Get the full pastry cream recipe → Basic French Pastry Cream Recipe
Mascarpone Cream
Mascarpone cream is a softer, less structured filling than pastry cream, with a tang and richness that comes straight from the cheese. It's faster to put together too, since there's no cooking involved, which makes it the better choice when you're short on time or want something that tastes a little more like cheesecake than custard.
How you make it depends on what you're going for. Lightened with whipped cream, mascarpone turns airy and mousse-like, the way it's used in this Easy Fruit Tart.
Left unlightened and flavored instead, with lemon zest and juice for example, it stays denser and holds a cleaner edge when sliced, the way it's used in this Strawberry Tart.

Neither version needs to set up overnight the way pastry cream does. Mascarpone cream is ready to use as soon as it's mixed, which makes it the easiest option here if you're tight on time.
Cream Cheese Filling
Cream cheese filling sits somewhere between mascarpone and pastry cream. It's tangy like mascarpone, but denser and more stable once chilled. It's made by beating softened cream cheese with powdered sugar and vanilla, then adding heavy cream until it's smooth and spreadable. No cooking, no waiting for it to set.
The tang from the cream cheese pairs especially well with sweeter, juicier fruit like berries or stone fruit, since it cuts through the sweetness instead of adding to it. It also holds up well once sliced, so it's a good option if you want clean cuts without the filling spreading or weeping.
This one doesn't have a dedicated recipe on the blog yet, but it's a filling worth keeping in your back pocket.
Frangipane
Frangipane is the outlier on this list because it isn't added to a baked shell, it's baked with it. Made from almond flour, butter, sugar, and eggs creamed together into a soft paste, frangipane gets spread into the raw tart shell, topped with fruit, and goes into the oven together. The filling puffs and sets as it bakes, turning rich and slightly cakey, with a deep almond flavor.

Pear is the classic pairing here, the combination frangipane tarts are traditionally built around, since the soft, mellow fruit bakes down beautifully into the almond filling. You can see it in action in this Pear Frangipane Tart .
Because everything bakes at once, frangipane is the filling to reach for when you want a warm, rustic tart rather than a chilled, polished one.

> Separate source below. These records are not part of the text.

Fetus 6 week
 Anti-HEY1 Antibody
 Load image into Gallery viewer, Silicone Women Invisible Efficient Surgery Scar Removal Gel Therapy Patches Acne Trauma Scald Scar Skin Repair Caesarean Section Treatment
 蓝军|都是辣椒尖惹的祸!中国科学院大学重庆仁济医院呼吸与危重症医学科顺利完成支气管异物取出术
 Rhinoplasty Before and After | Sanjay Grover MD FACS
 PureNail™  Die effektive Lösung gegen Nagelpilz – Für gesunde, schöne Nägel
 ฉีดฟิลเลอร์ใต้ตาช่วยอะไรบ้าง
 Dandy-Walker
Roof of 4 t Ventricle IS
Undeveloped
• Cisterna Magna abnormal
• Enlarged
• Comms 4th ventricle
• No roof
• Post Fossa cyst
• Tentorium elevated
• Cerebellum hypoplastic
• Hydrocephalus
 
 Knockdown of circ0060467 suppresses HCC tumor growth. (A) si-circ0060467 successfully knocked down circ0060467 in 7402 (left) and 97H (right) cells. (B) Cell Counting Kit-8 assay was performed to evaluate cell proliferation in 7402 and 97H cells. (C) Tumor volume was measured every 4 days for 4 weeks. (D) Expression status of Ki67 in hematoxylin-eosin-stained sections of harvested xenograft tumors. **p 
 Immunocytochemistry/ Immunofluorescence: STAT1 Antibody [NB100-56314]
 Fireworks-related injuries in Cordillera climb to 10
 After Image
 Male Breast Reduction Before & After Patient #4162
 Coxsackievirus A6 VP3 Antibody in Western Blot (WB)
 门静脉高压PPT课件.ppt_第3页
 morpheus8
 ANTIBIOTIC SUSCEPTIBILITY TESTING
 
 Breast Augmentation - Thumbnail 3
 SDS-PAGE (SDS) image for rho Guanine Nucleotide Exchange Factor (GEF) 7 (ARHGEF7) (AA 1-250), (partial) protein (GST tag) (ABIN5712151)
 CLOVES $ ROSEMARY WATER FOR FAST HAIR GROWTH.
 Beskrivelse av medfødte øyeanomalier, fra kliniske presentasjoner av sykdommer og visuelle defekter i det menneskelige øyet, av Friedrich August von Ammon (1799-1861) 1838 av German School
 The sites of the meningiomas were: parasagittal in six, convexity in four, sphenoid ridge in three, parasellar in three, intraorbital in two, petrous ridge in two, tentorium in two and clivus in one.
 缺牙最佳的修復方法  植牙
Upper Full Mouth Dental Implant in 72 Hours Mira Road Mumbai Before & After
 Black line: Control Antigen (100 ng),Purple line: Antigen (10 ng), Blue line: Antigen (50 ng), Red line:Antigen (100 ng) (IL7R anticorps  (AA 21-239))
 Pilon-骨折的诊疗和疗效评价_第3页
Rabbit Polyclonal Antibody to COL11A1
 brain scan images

Get the full frangipane recipe → Frangipane Filling Recipe
At a Glance: Comparing the Four Fillings
| Filling | Texture | Best Fruits | Best for |
| Pastry cream | Rich, custardy | Berries, stone fruit, citrus | Classic tarts, holds a full layer of fruit |
| Mascarpone cream | Soft, tangy (airy if lightened) | Strawberries, soft summer fruit | Quick tarts, cheesecake-like flavor |
| Cream cheese | Tangy, dense, stable | Berries, stone fruit | Sweet or juicy fruit, clean slices |
| Frangipane | Rich, cakey (baked) | Pear, stone fruit, berries | Warm, rustic tarts |
Once you've picked a filling, the rest comes together fast. If you haven't built the shell yet, my Easy Fruit Tart walks through the full process from crust to final fruit arrangement, and if you want that glossy, bakery-style finish on top, my fruit tart glaze post covers how to get it right.